The most advanced is The Digger, which is being written by the mother/son/stepfather team of Jan Bradnam, Ashley Bradnam and Terry McCann.

Babe director and co-writer Chris Noonan is script editing the drama, which is set in the world of rugby league and centres on the tension between a father and son who are part of a family of builders who work and play together.

Lake is also developing One More River, which has Kate Woods attached, director of 2000 local hit Looking For Alibrandi. It is an adaptation of Brenda Walker's novel of the same name and is television and theatre writer Linden Wilkinson's debut feature script. The drama is about a 50-something woman forced to make a decision after a young man arrives on her tropical island.

The key creators behind Getting' Square, writer Chris Nyst and Better Than Sex director Jonathan Teplitzky, are working on Lake's third project, which is titled Crooked Business. Similar knockabout characters that are creating interest in the trio's first collaboration - Nyst is a celebrated criminal lawyer -- will again inhabit the world they are creating. Lake owns Freshwater Productions with Nyst, and has gone to Cannes with Elizabeth Symes, who recently joined the production outfit.

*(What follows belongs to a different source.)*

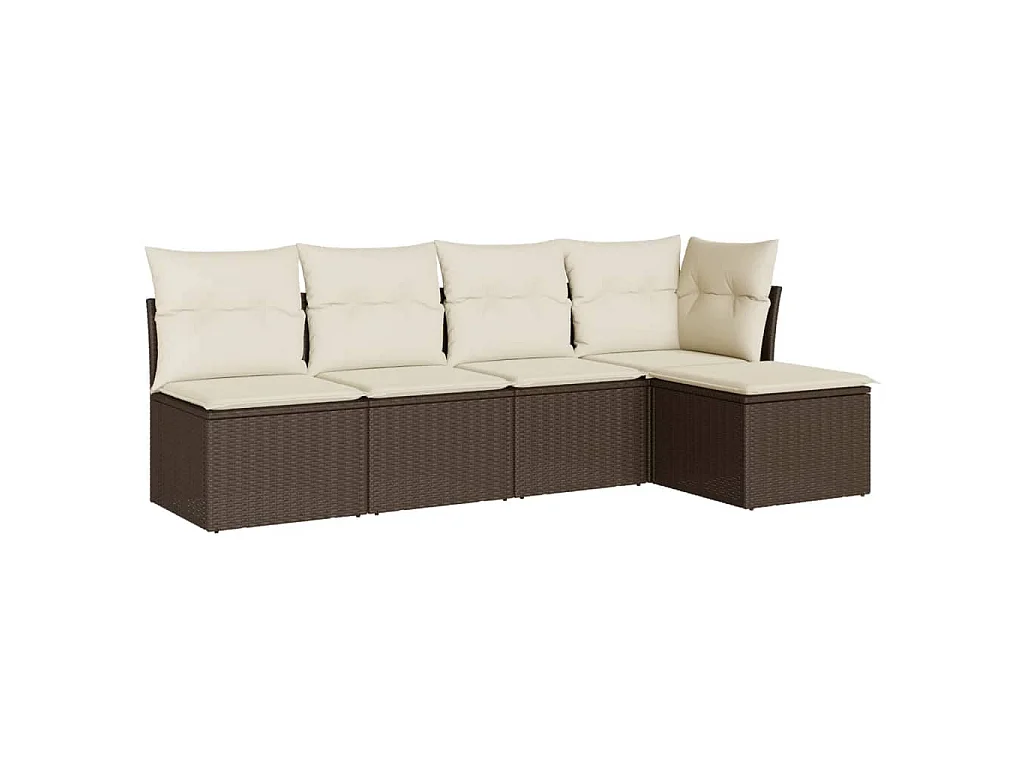 5 pcs conjunto sofás p/ jardim c/ almofadões vime PE castanho PT564627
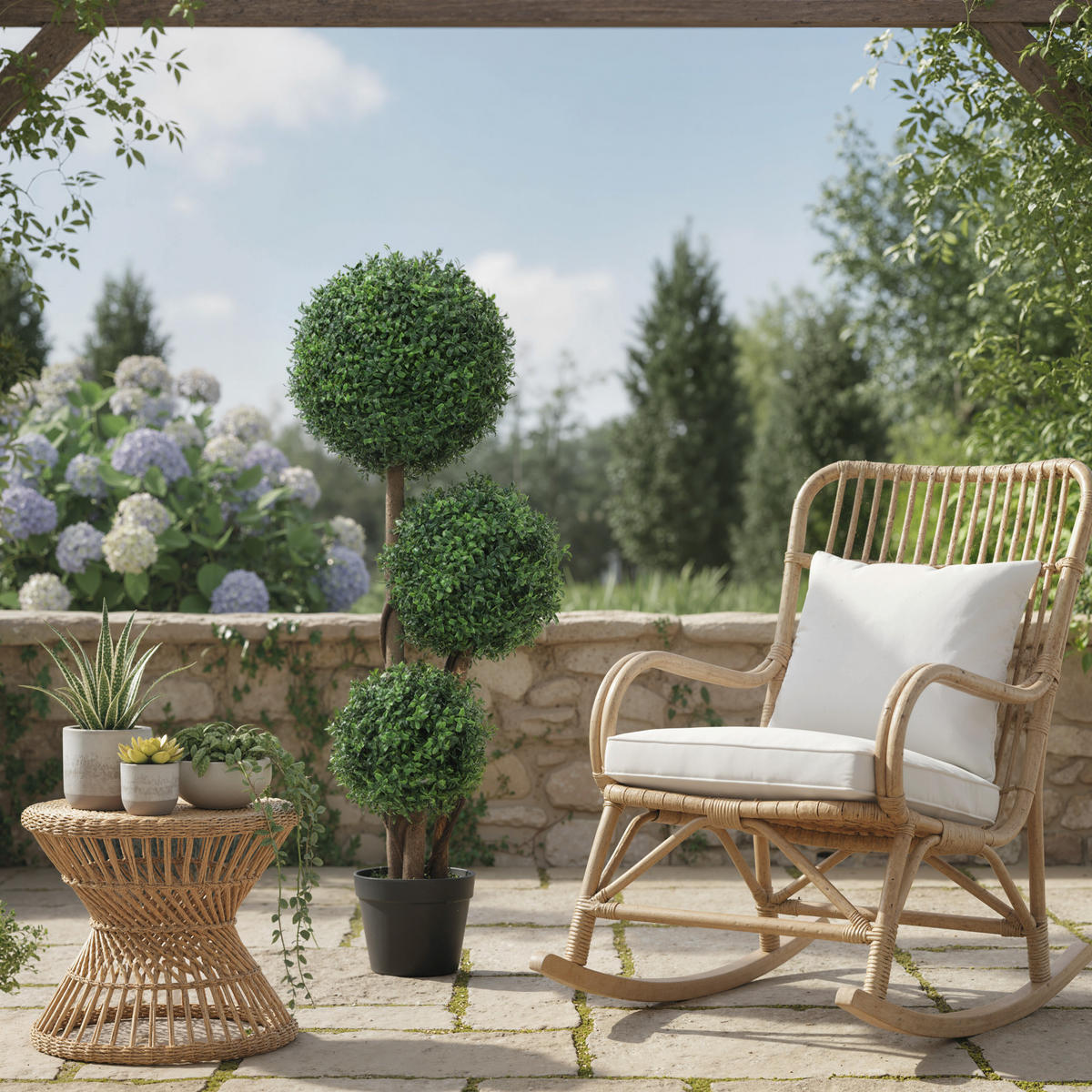 KÜNSTLICHE Buchsbaumkugel groß 100cm dreikugelig Kunstpflanze mit Holzstamm - Schwarz/Braun, Holz/Kunststoff (100cm) - HOMCOM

Gettin' Square is one of the first films to be financed with money raised from the private sector by Australian investment bank Macquarie and dominant television broadcaster, The Nine Network.

Working Title Australia (the offshoot that produced Ned Kelly) tipped in 25% of the equity investment, giving the parent company world sales rights excluding Australian and New Zealand, where it will be released by Nine's sister company Hoyts. The Film Finance Corporation contributed a small slice of the budget. The production company alongside Freshwater is Mushroom Pictures.